### [Work item]
Every line from the one with "Super School Doctor page 56" to the end of the listing, and nothing else, is to be printed exactly; please leave the pictures out.

### [Material provided]

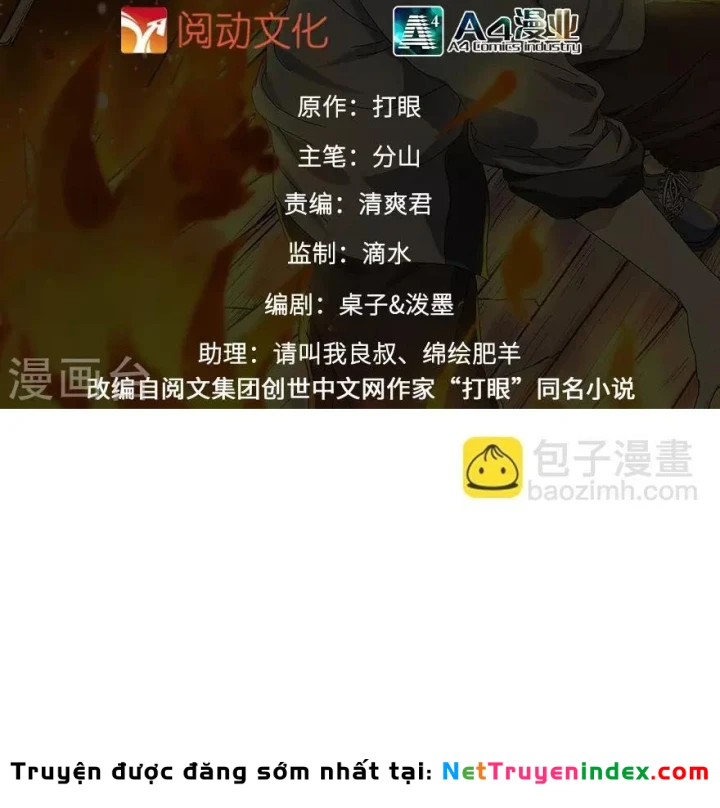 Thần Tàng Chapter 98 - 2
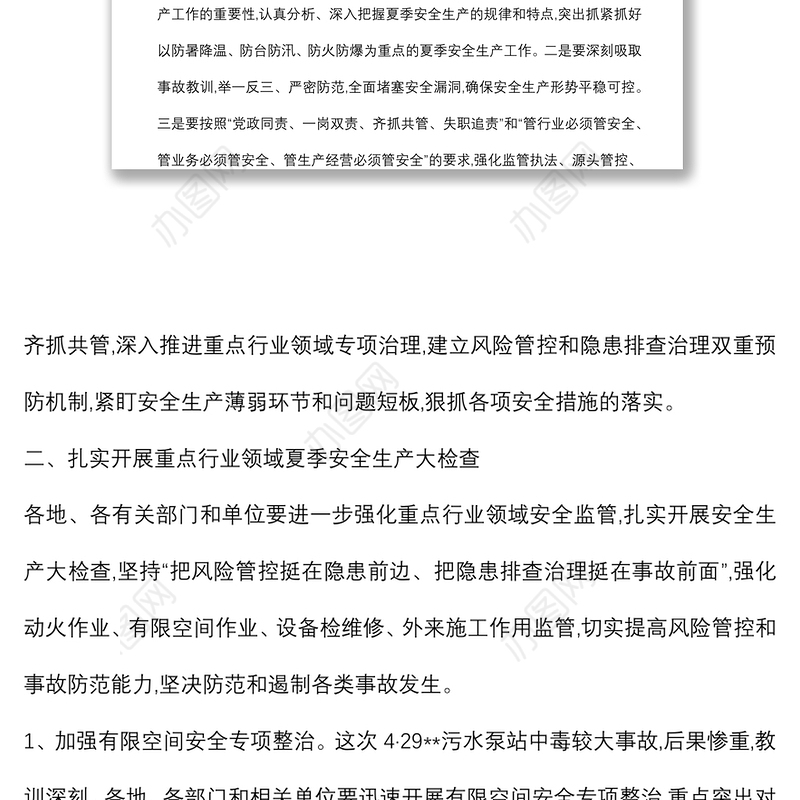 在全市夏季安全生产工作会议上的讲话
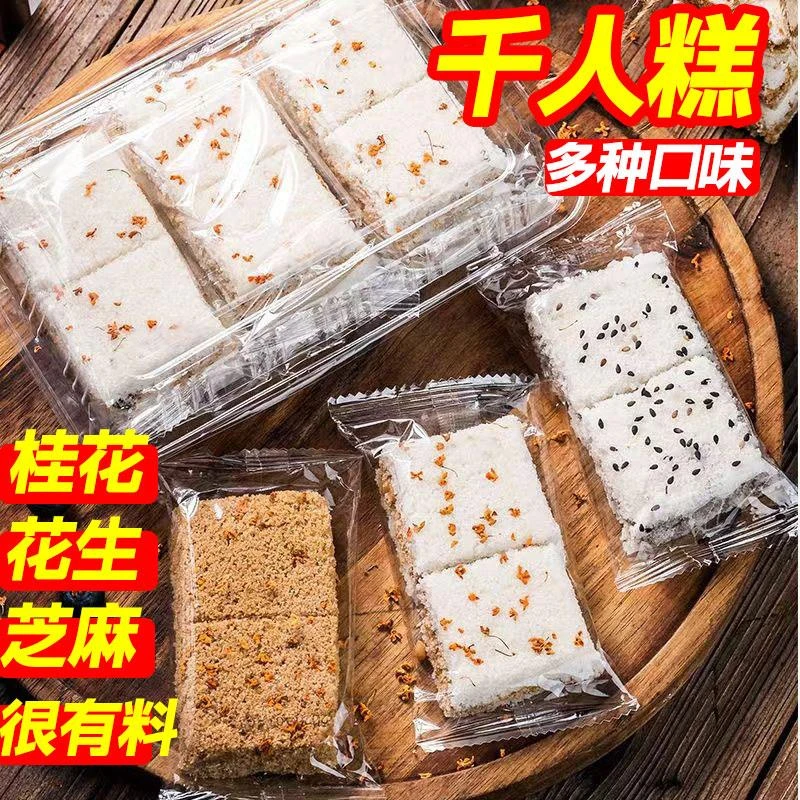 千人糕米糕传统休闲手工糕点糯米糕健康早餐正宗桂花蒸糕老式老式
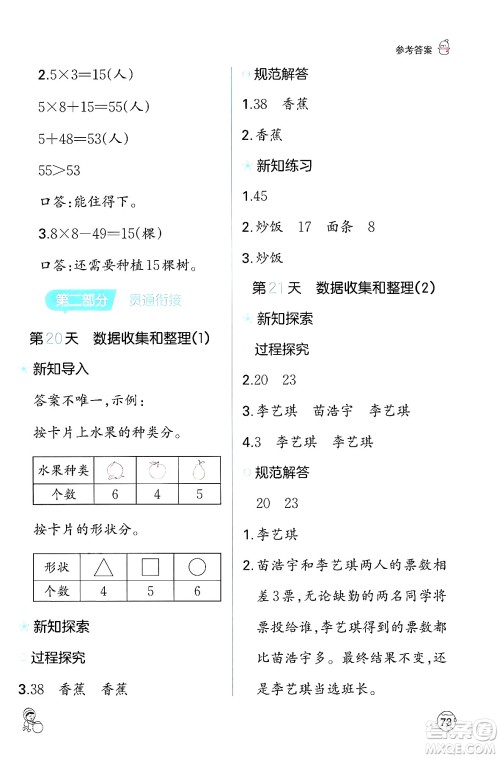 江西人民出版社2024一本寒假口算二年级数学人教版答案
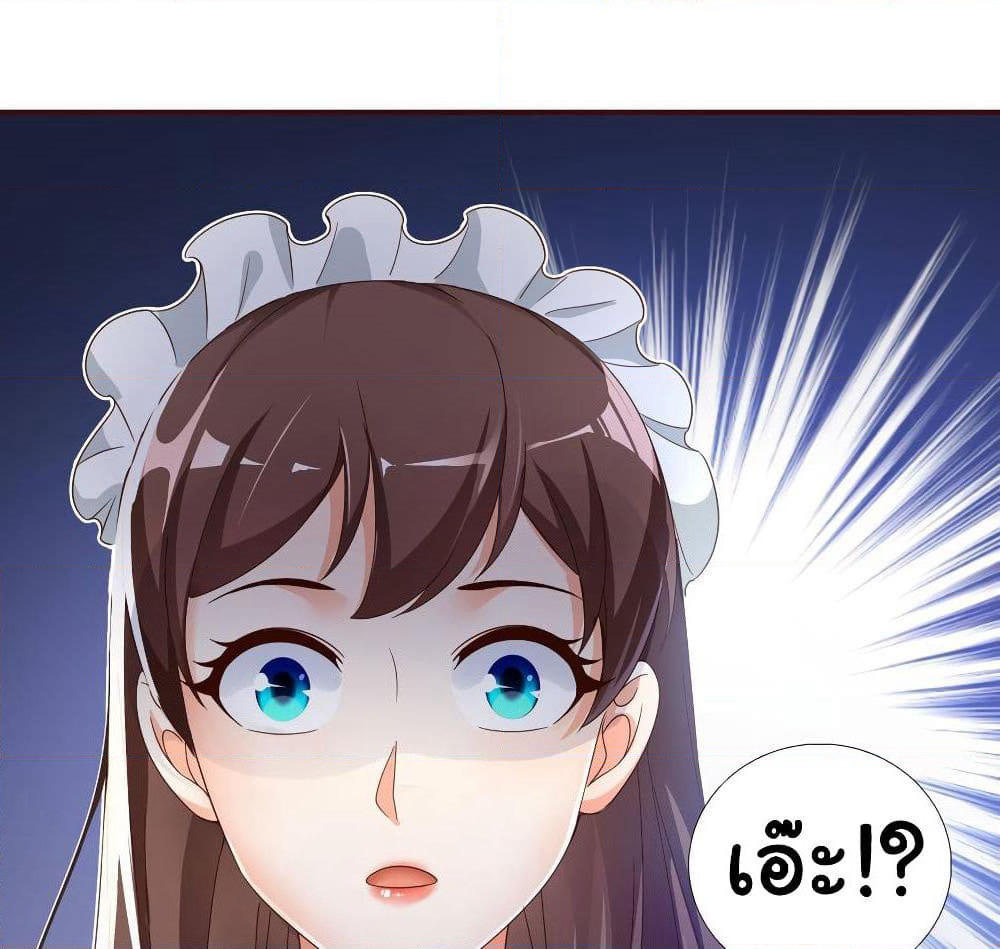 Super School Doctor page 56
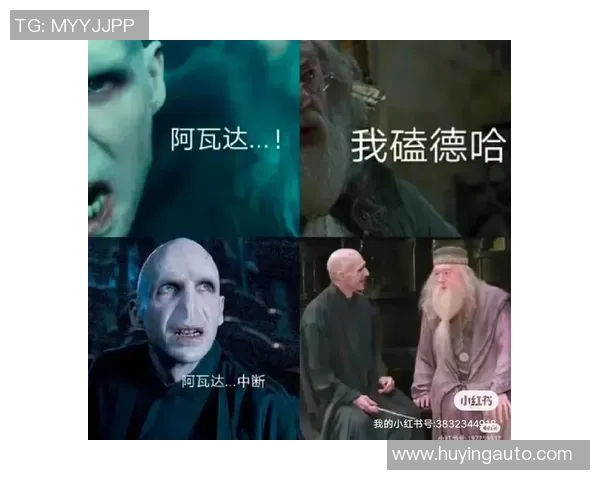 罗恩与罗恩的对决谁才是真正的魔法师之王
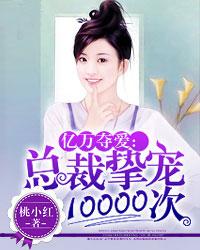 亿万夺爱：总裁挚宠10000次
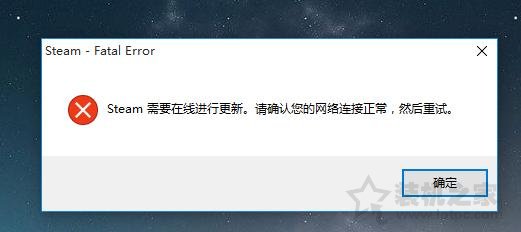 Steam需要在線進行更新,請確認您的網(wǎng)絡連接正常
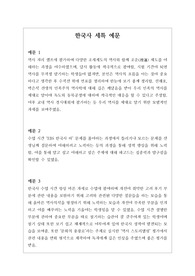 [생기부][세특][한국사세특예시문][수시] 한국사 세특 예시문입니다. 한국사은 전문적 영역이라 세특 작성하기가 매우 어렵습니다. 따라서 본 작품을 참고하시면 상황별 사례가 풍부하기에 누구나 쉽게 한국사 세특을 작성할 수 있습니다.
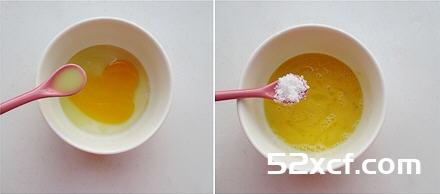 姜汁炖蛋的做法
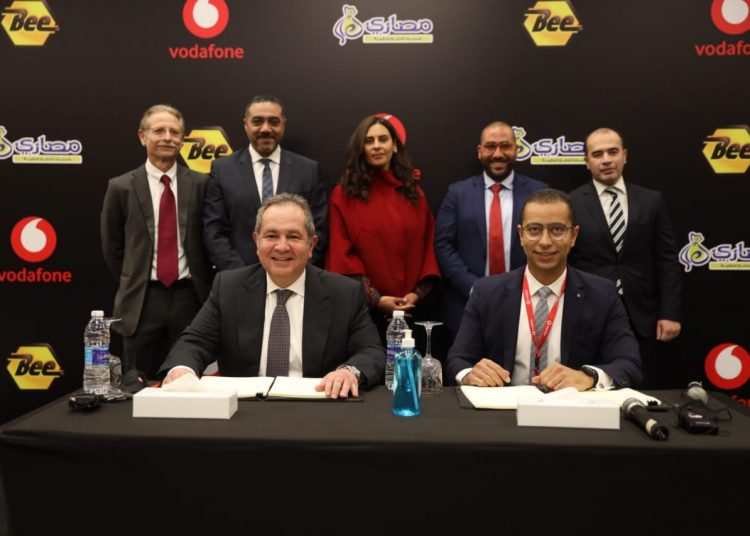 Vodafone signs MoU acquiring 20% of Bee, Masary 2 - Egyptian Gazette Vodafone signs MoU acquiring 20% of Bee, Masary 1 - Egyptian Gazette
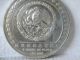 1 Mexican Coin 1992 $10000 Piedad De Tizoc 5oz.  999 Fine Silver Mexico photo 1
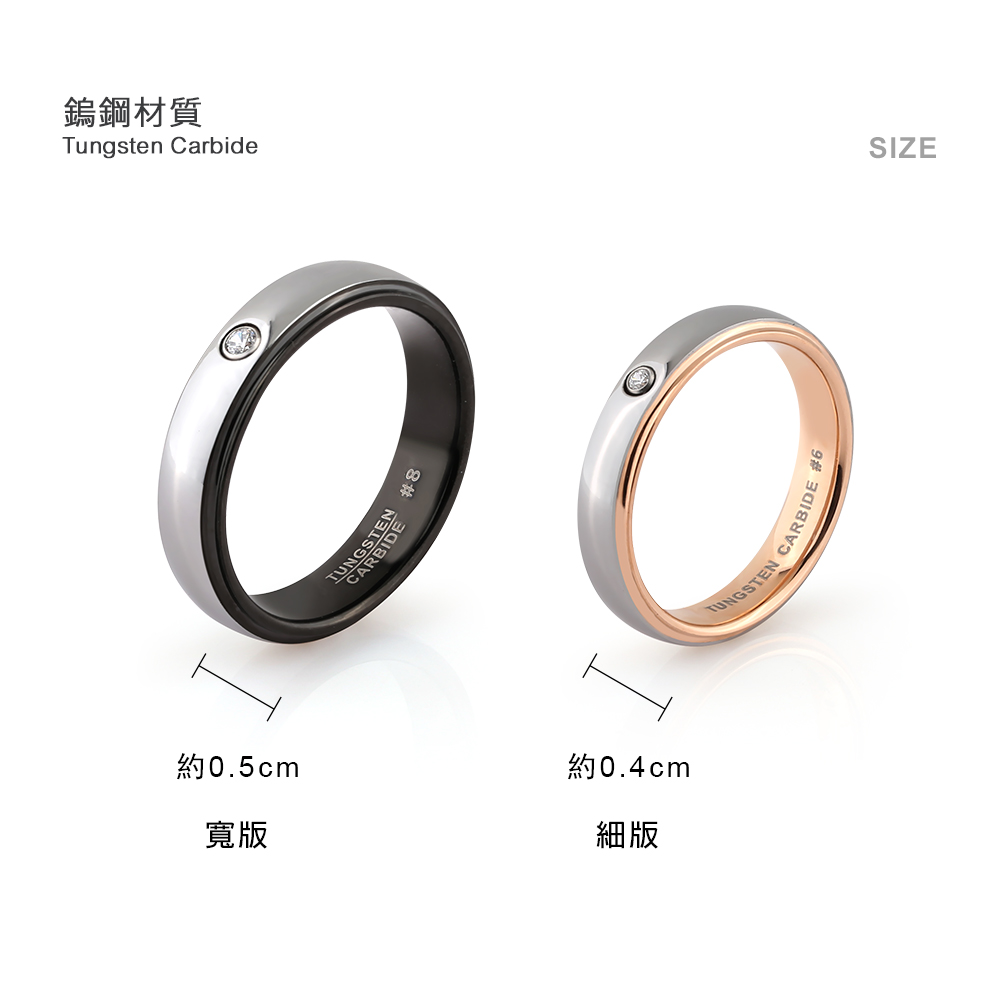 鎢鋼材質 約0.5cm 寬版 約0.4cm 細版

### [Written answer]
 Super School Doctor page 56
 罗恩与罗恩的对决谁才是真正的魔法师之王
 亿万夺爱：总裁挚宠10000次
 Steam需要在線進行更新,請確認您的網(wǎng)絡連接正常
 [생기부][세특][한국사세특예시문][수시] 한국사 세특 예시문입니다. 한국사은 전문적 영역이라 세특 작성하기가 매우 어렵습니다. 따라서 본 작품을 참고하시면 상황별 사례가 풍부하기에 누구나 쉽게 한국사 세특을 작성할 수 있습니다.
 姜汁炖蛋的做法
 Vodafone signs MoU acquiring 20% of Bee, Masary 2 - Egyptian Gazette Vodafone signs MoU acquiring 20% of Bee, Masary 1 - Egyptian Gazette
 1 Mexican Coin 1992 $10000 Piedad De Tizoc 5oz.  999 Fine Silver Mexico photo 1
 鎢鋼材質 約0.5cm 寬版 約0.4cm 細版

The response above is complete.